### [What needs to be done]
Skip the pictures. Retype exactly, and only, the lines between the line holding "Photo of a person" and the last line below, inclusive.

### [Short descriptive text snippets]
[Start of Attachment]
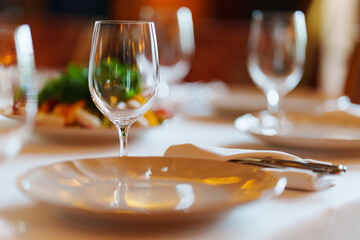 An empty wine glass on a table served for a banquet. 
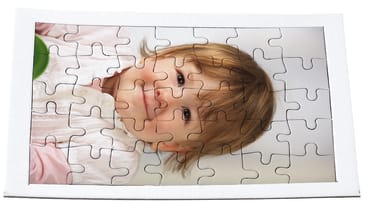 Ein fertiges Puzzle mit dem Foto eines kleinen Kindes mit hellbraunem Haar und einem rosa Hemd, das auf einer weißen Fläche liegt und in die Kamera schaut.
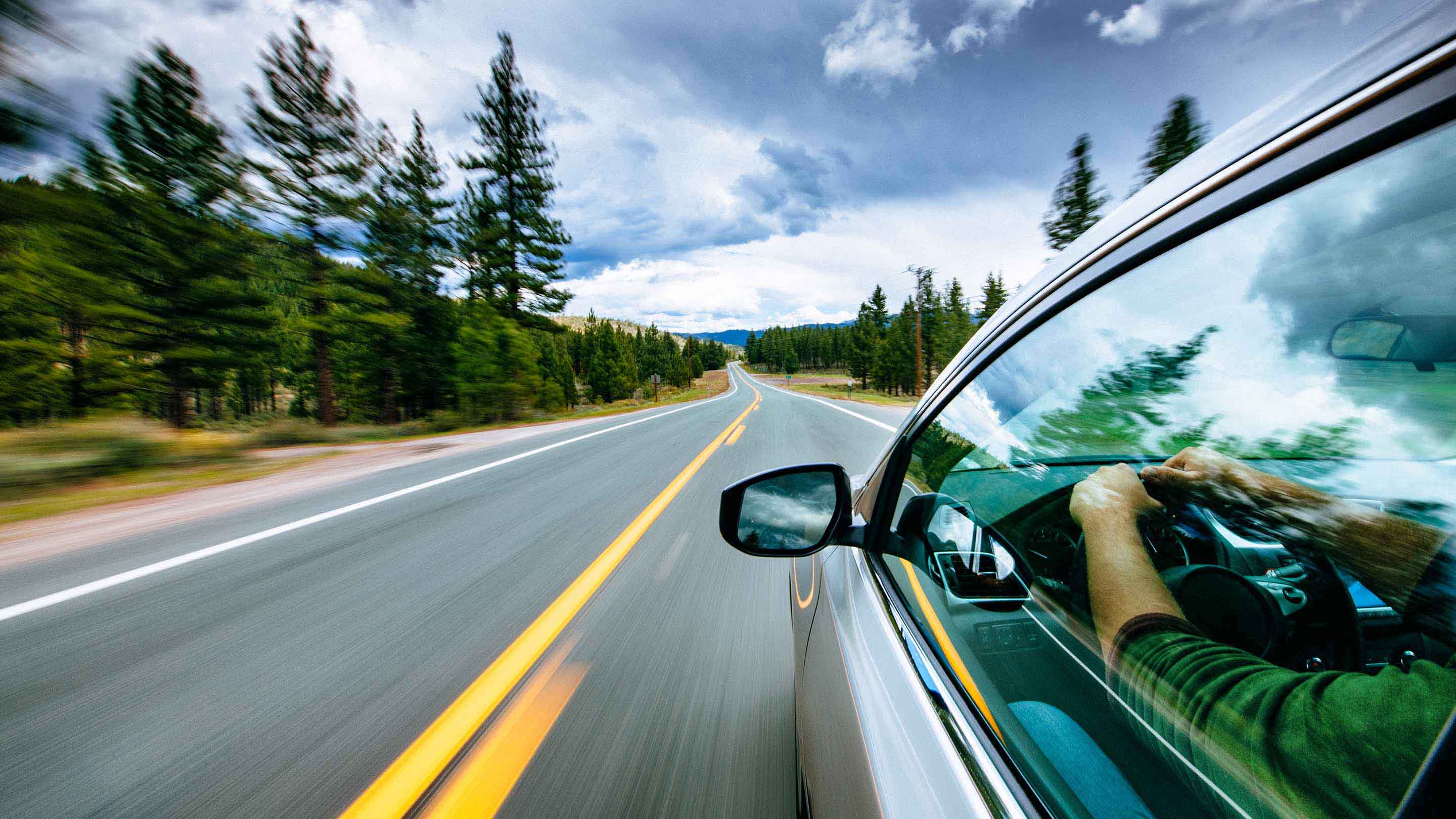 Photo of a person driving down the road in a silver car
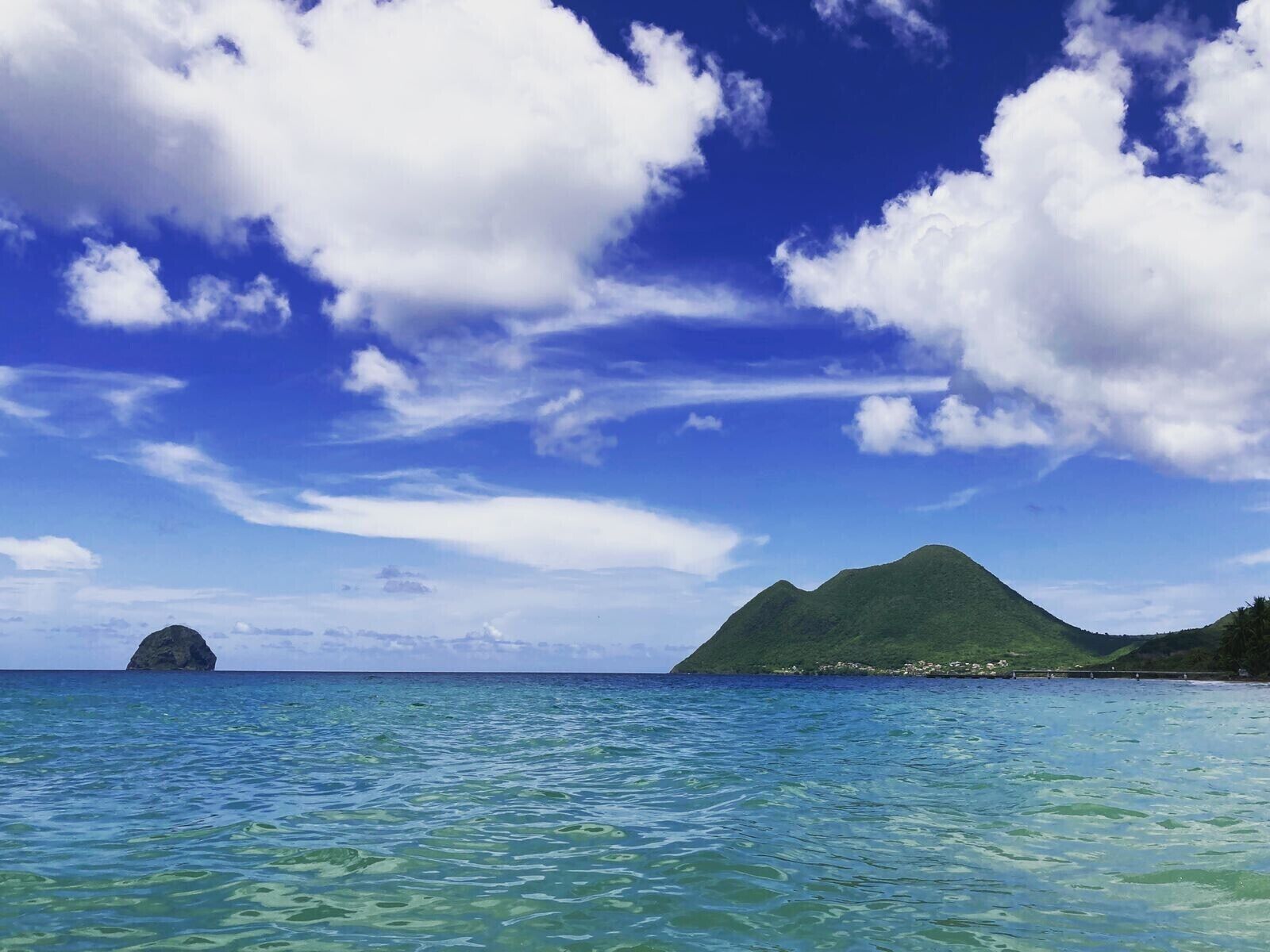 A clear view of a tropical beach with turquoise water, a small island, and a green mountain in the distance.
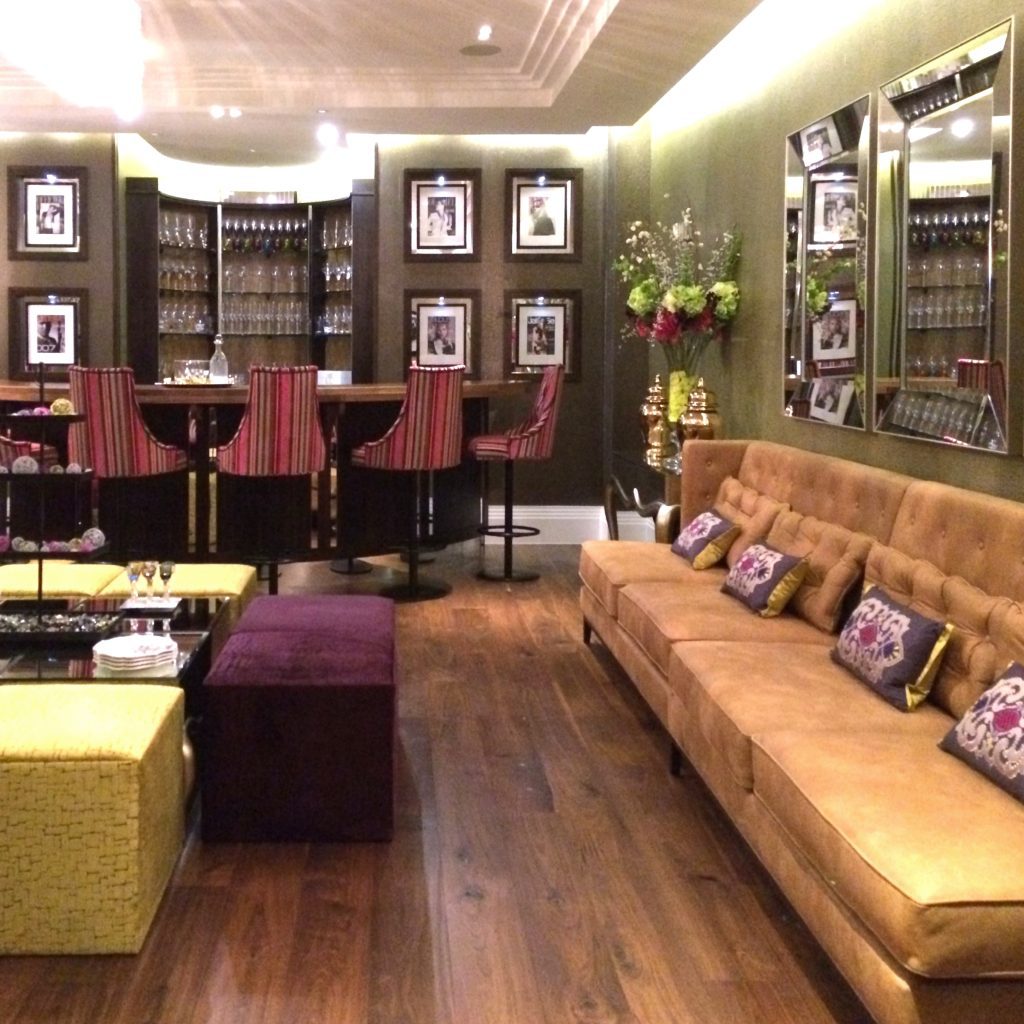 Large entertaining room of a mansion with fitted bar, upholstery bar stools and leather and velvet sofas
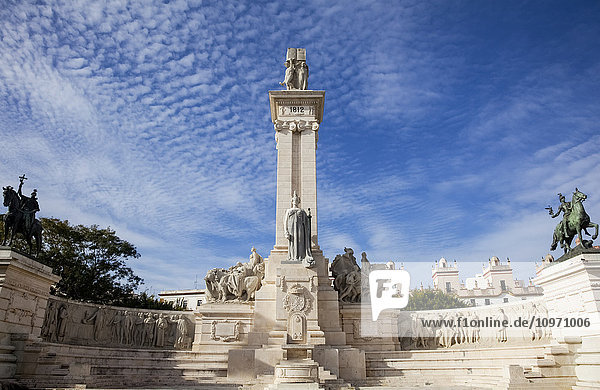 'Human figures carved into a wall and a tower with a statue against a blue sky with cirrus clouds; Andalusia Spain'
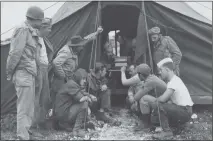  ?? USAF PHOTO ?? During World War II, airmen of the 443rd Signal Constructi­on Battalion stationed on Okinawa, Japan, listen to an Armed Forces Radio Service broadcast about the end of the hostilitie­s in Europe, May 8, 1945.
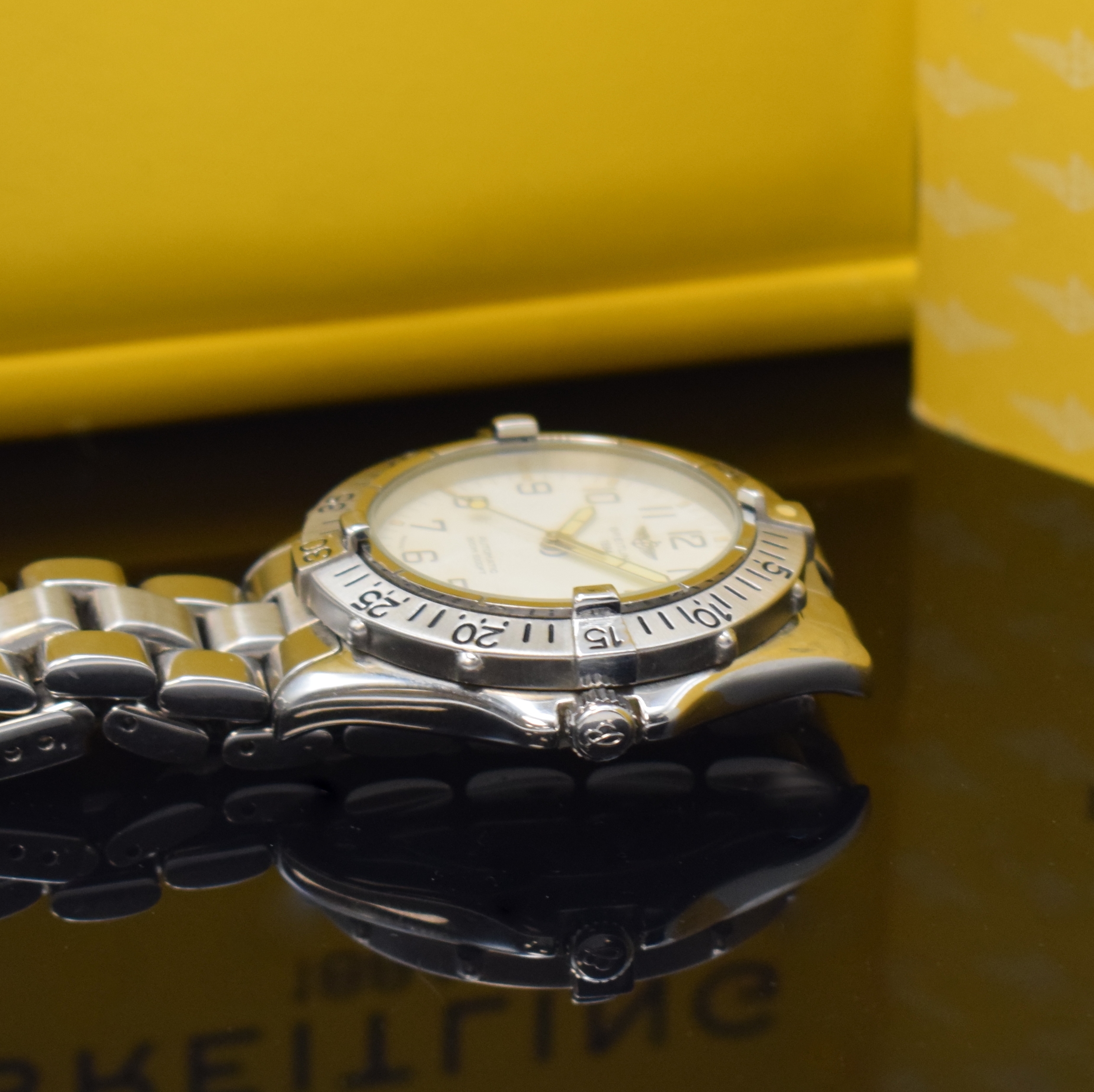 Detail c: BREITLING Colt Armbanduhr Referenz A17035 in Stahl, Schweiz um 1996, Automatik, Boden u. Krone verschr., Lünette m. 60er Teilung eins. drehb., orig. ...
[End of Attachment]
### [Written solution]
 Photo of a person driving down the road in a silver car
 A clear view of a tropical beach with turquoise water, a small island, and a green mountain in the distance.
 Large entertaining room of a mansion with fitted bar, upholstery bar stools and leather and velvet sofas
 'Human figures carved into a wall and a tower with a statue against a blue sky with cirrus clouds; Andalusia Spain'
  ?? USAF PHOTO ?? During World War II, airmen of the 443rd Signal Constructi­on Battalion stationed on Okinawa, Japan, listen to an Armed Forces Radio Service broadcast about the end of the hostilitie­s in Europe, May 8, 1945.
 Detail c: BREITLING Colt Armbanduhr Referenz A17035 in Stahl, Schweiz um 1996, Automatik, Boden u. Krone verschr., Lünette m. 60er Teilung eins. drehb., orig. ...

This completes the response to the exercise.